Bowie was the first to hear me say out oud, “I think maybe God is bigger than this one faith I’ve been taught.”

Bowie heard my sermons for class; he stayed up late with me reading for Christian ethics, heard me memorize and regurgitate church history dates and councils. And, in the middle of all of this, whenever I would get caught up in the grades, the politics of Baptist life and seminary, he was at my side, his small wet nose booping my foot, reminding me of the bigger world around me. This small reminder to stop and take a break because it was time to go for a walk and maybe drink some water.

Early in our time together, I read a study behind dogs and cars – two theories stuck out to me.

One was that sticking their heads out the window and letting it all hit their faces causes a sensory overload equivalent to a roller coaster. All the smells outside hitting them at once.

The second was that perhaps the anthropologists say it is equivalent to running with their pack toward shelter and food. Either way, they love it.

The first time Bowie went on a car ride with the windows down was in spring. My final class of the week let out early, I didn’t have to work either of my jobs, and I got home in time to take him for a ride.

So, we climbed into my old ’98 Mustang and drove. He was having a spiritual experience, and I was lucky to miss the Atlanta traffic. While we drove, Mazzy Star’s “Fade Into You” played, and it was all too much even then.

The two of us faced the road ahead with each other. Whatever the world presented us, we belonged to each other. We went on countless other drives after that, but that one remains my favorite memory.

In March, the vet said it was his time for Bowie to die. Every dog owner knows it will happen eventually; in fact, we willingly break our own hearts the day we say yes to their being in our lives. But it still didn’t feel right.

Much like those early days of deconstructing and reimagining a bigger God, it was time to let go. In the days leading up to “that day,” loved ones told me the experience would be hard but holy.

Holding him in his last moments, allowing him to smell me one last time, wet nose and all fading into the beyond, indeed was hard and holy.

This week marks four months without my little heartbeat at my feet.

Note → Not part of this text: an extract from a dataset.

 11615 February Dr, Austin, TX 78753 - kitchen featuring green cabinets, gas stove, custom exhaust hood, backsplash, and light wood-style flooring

And I must confess that I miss his gentle reminders to pause.

My loss is not new, and many know and have experienced this loss. And to you, reader, I send peace.

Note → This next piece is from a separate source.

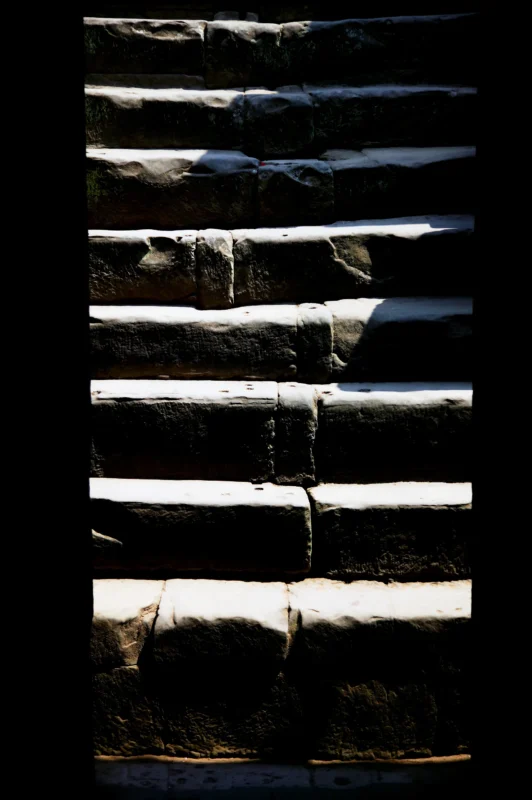 Ancient stone steps illuminated by dramatic sunlight, creating a stark contrast between light and shadow.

And to you who have not, I too send peace, hoping you know companionship like that of God’s love manifested in a vulnerable being whose life and happiness belong to you and yours to them.

Each time I think and grieve Bowie, I also give thanks for the companion I had by my side as I deconstructed a world and faith, all held by the grace of a furry one.

Bowie reminded me that we need each other. You and I need one another in times of great joy and times of great destruction.